▶ **ASSIGNMENT**: Copy the material below verbatim from the line with "Zenana Oversized Slub" to the line with "Healthy Bites Beef", both lines included, omitting pictures and every line outside that range.
[Start of Attachment]
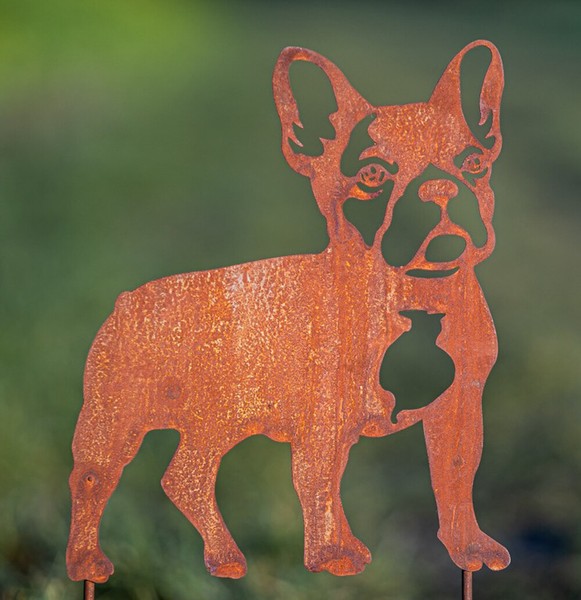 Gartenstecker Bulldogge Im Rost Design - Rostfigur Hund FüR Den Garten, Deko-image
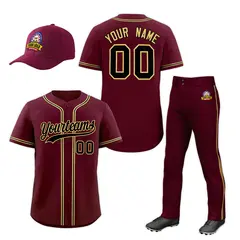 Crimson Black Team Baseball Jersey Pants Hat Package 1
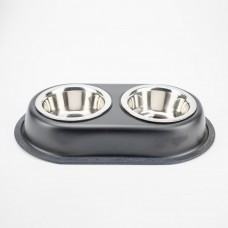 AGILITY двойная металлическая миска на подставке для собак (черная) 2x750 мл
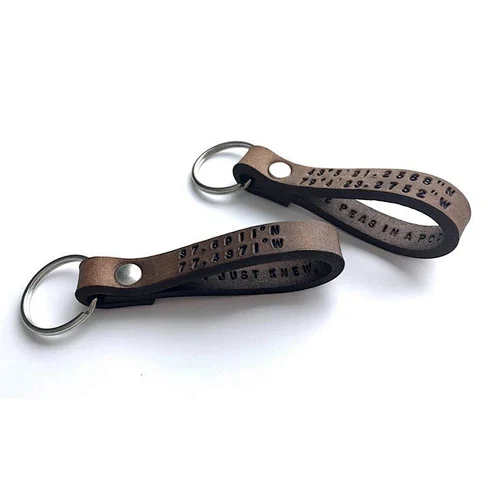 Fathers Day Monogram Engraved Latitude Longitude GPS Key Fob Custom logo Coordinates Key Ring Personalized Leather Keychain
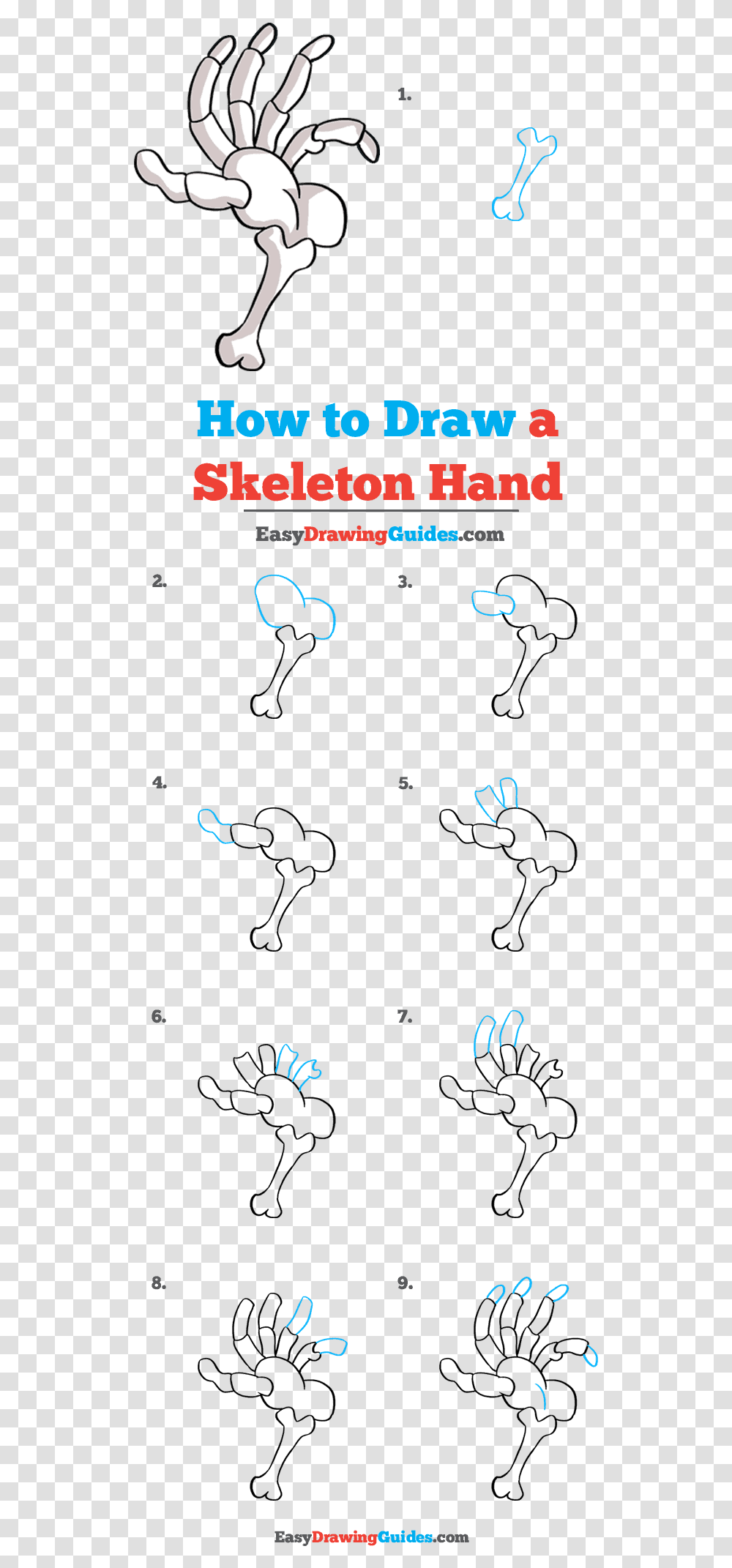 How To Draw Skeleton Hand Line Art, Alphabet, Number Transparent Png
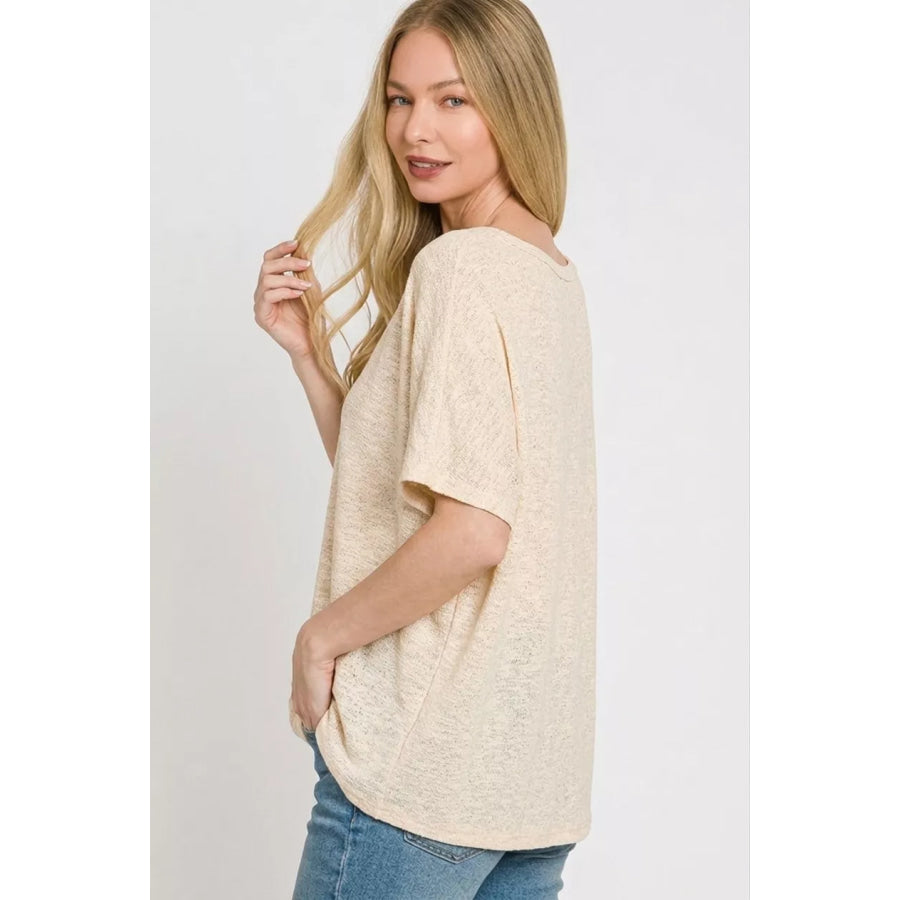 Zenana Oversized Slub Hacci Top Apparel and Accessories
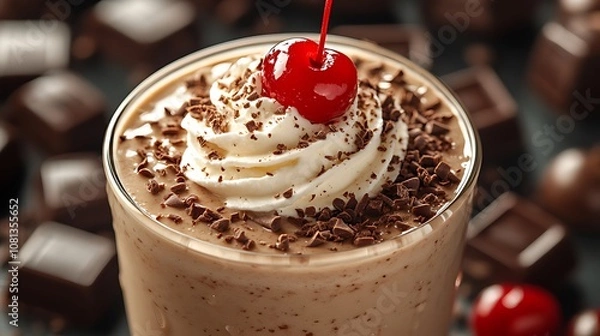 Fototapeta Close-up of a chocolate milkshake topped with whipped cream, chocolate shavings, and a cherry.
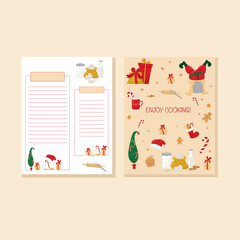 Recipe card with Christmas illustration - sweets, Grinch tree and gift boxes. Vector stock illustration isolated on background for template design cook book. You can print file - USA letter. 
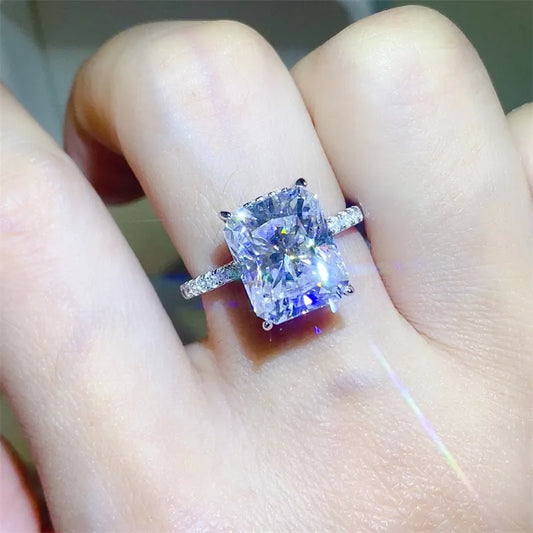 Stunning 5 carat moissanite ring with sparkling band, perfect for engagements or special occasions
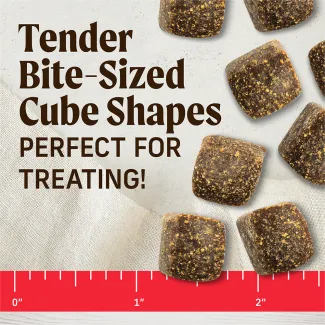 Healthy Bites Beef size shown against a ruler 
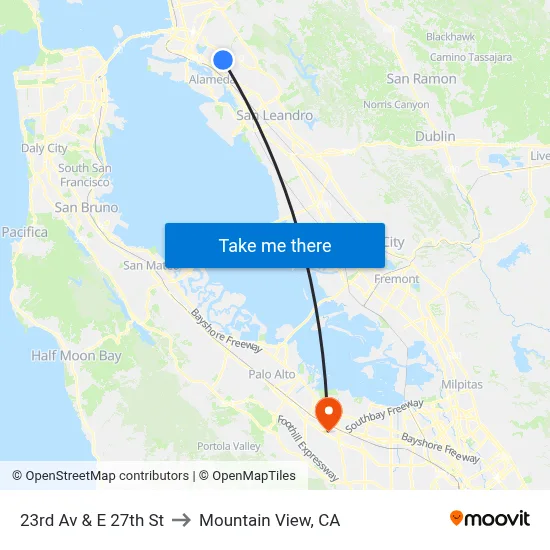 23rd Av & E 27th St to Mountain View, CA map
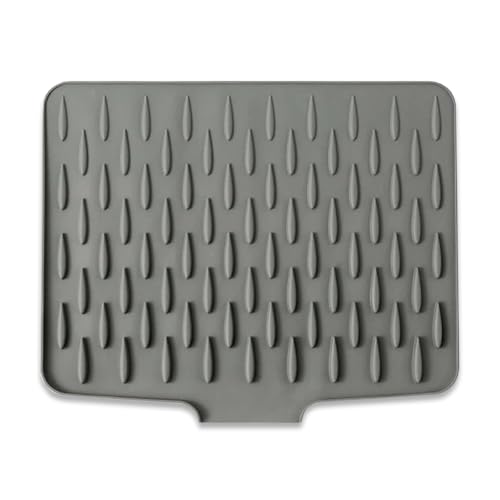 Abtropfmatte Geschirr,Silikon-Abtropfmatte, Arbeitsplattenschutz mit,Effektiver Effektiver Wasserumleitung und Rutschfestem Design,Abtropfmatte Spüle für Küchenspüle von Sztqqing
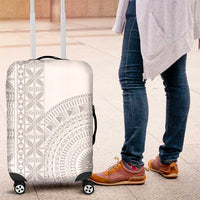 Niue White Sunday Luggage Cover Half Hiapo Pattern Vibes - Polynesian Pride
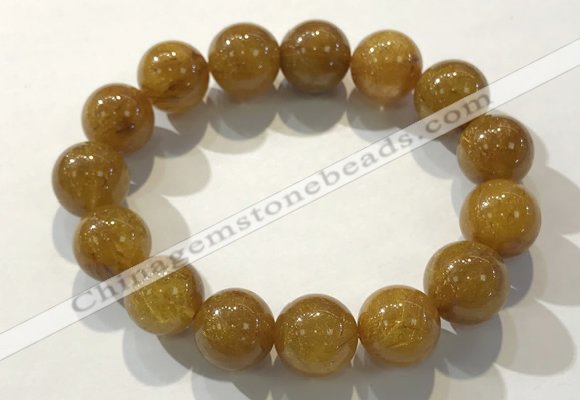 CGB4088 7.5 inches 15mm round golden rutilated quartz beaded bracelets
[End of Attachment]
▶ **SOLUTION BELOW**:
 Zenana Oversized Slub Hacci Top Apparel and Accessories
 Fototapeta Close-up of a chocolate milkshake topped with whipped cream, chocolate shavings, and a cherry.
 Recipe card with Christmas illustration - sweets, Grinch tree and gift boxes. Vector stock illustration isolated on background for template design cook book. You can print file - USA letter. 
 Stunning 5 carat moissanite ring with sparkling band, perfect for engagements or special occasions
 Healthy Bites Beef size shown against a ruler 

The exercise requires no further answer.